Un tribunal tunisien a condamné, vendredi 20 juin, l’ancien président Moncef Marzouki à vingt-deux ans de prison par contumace. Cette nouvelle peine s’inscrit dans une série de poursuites judiciaires visant les opposants au régime, dans un climat de plus en plus répressif.
Moncef Marzouki condamné à nouveau, cette fois pour des faits non précisés mais officiellement liés à des « actes portant atteinte à la sécurité de l’État ».
Cette affaire vient alourdir un passif judiciaire déjà conséquent : Moncef Marzouki totalise désormais plus de trente ans de prison infligés par contumace. En 2021, il avait été condamné à quatre ans pour avoir dénoncé l’organisation du Sommet de la Francophonie en Tunisie. Deux ans plus tard, une autre condamnation de huit ans est venue s’ajouter à ce parcours judiciaire de plus en plus contesté.
Depuis son exil à Paris, Moncef Marzouki a vivement réagi à la décision.

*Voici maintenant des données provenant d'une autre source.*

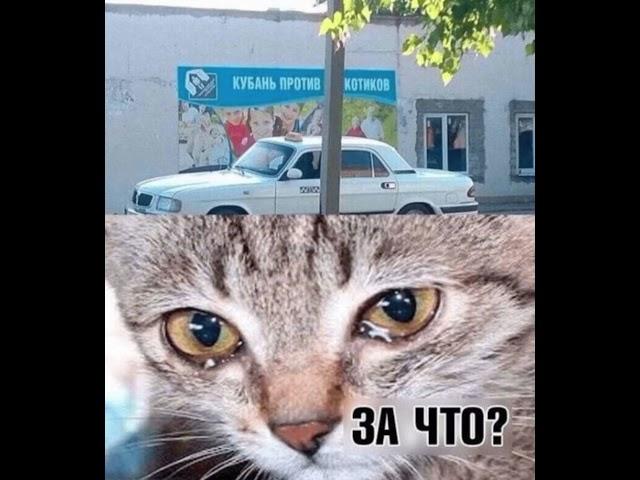 #хочуврек #мем #реки #рекомендации #говрек #р_е_к_о_м_е_н_д_а_ц_и_и_ #cat #catlover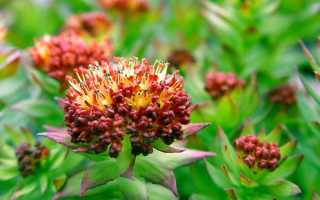 Состав и полезные свойства родиолы розовой, ее возможный вред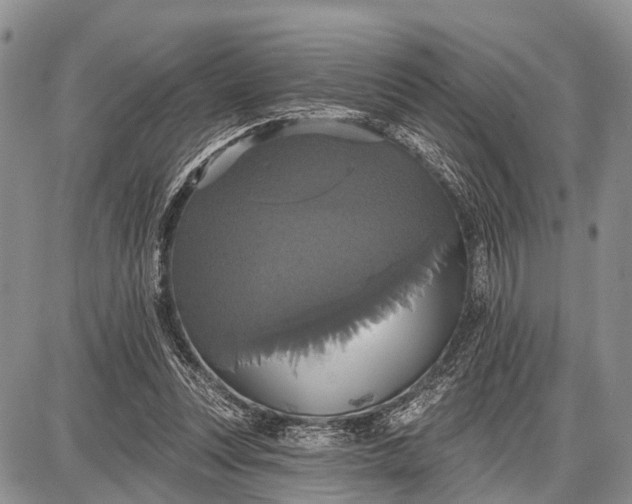 X0000087700351200705181825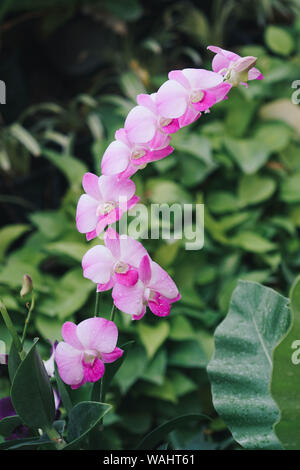 Fleurs orchidée violet dans le jardin en fleurs Banque D'Images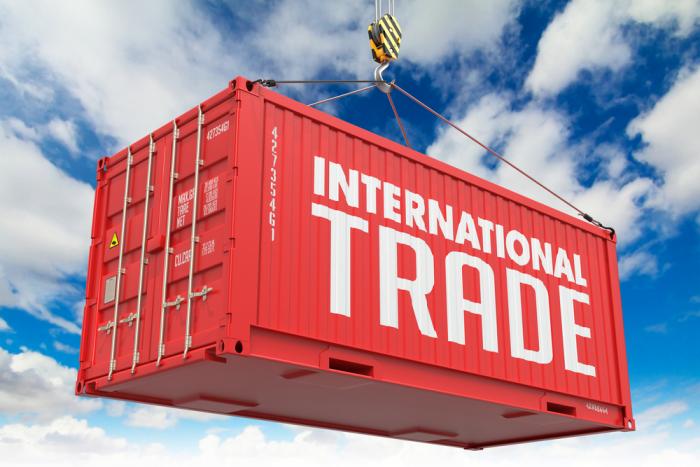 Isi Inyang on International trade for Vanised Limited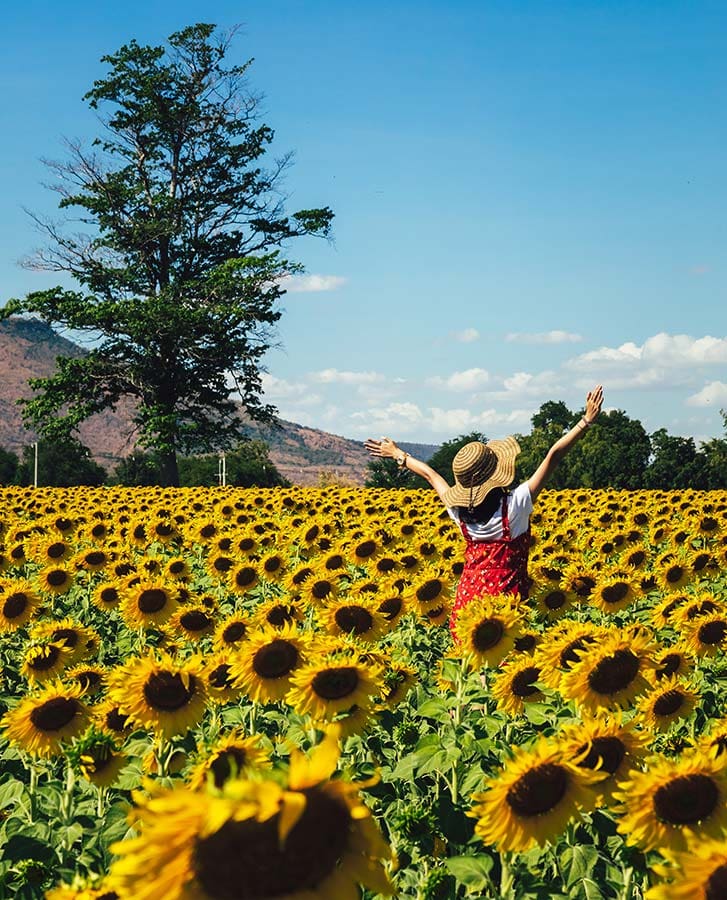 Leuk om te zien tijdens je reis naar Thailand, de zonnebloemenvelden bij Jeenla Mountain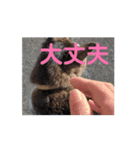 オメガ3のあいさつ（個別スタンプ：8）
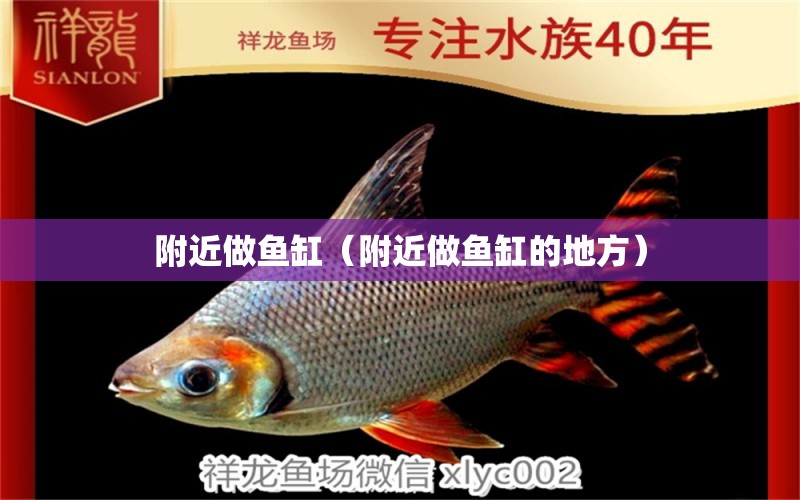 附近做魚缸（附近做魚缸的地方）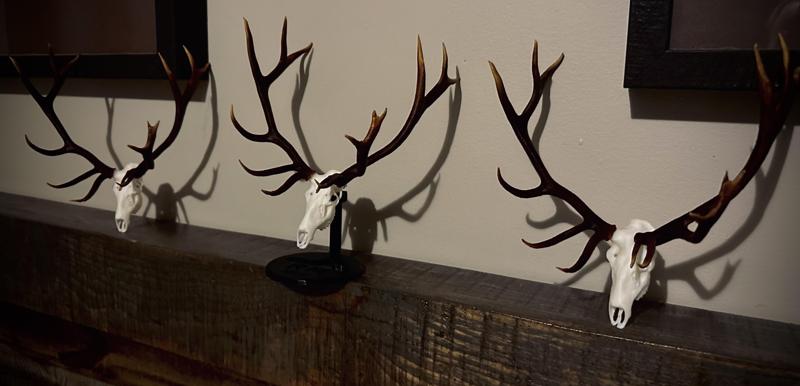 big non typical elk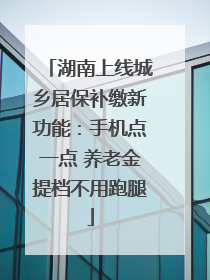 湖南上线城乡居保补缴新功能：手机点一点 养老金提档不用跑腿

Qualifiant cette nouvelle condamnation de « nulle », il y voit un procès politique orchestré par un pouvoir en perte de légitimité. « C’est une tentative désespérée de museler l’opposition et de détourner l’attention de la crise économique et sociale », a-t-il écrit sur les réseaux sociaux.
Figure de proue de la transition démocratique post-révolution, Moncef Marzouki condamné une fois de plus devient un symbole de la fragilité de l’État de droit en Tunisie. Il avait exercé la présidence entre 2011 et 2014, dans un contexte d’espoir démocratique après la chute de Zine el-Abidine Ben Ali. Aujourd’hui, cette promesse semble bien lointaine.
Le virage autoritaire du régime s’est accéléré depuis juillet 2021, lorsque le président Kaïs Saïed s’est arrogé les pleins pouvoirs, suspendant la Constitution, dissout le Parlement et gouvernant par décrets. Depuis, les poursuites contre les figures de l’opposition se multiplient, renforçant l’image d’une justice sous influence.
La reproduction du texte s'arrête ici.